• _Exercise instructions_:
Every line from the one with "Chaturbate Live Sex of kai_milller" through the last line below should be repeated exactly; pictures stay out of the copy.

• _Information provided_:
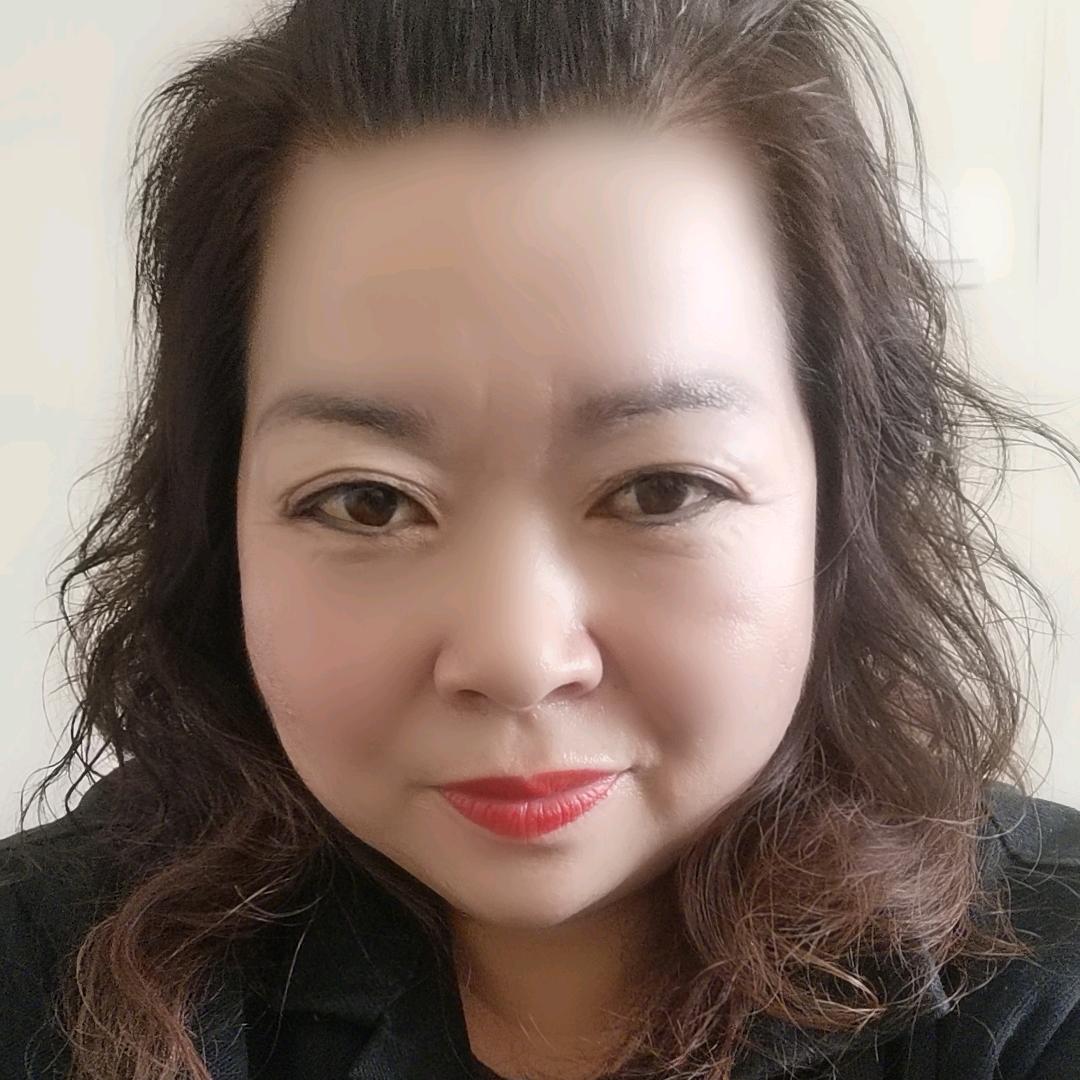 🐎丽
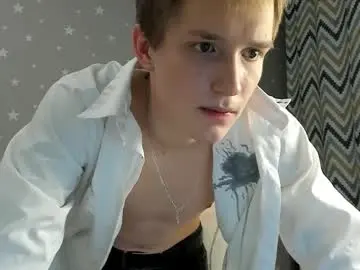 Chaturbate Live Sex of kai_milller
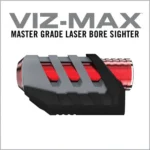Real Avid Viz-Max Bore Sighter - alternate view 7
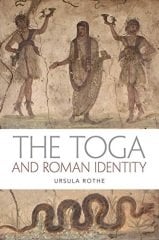 Toga and Roman Identity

• _Answer to the problem_:
 Chaturbate Live Sex of kai_milller
Real Avid Viz-Max Bore Sighter - alternate view 7
 Toga and Roman Identity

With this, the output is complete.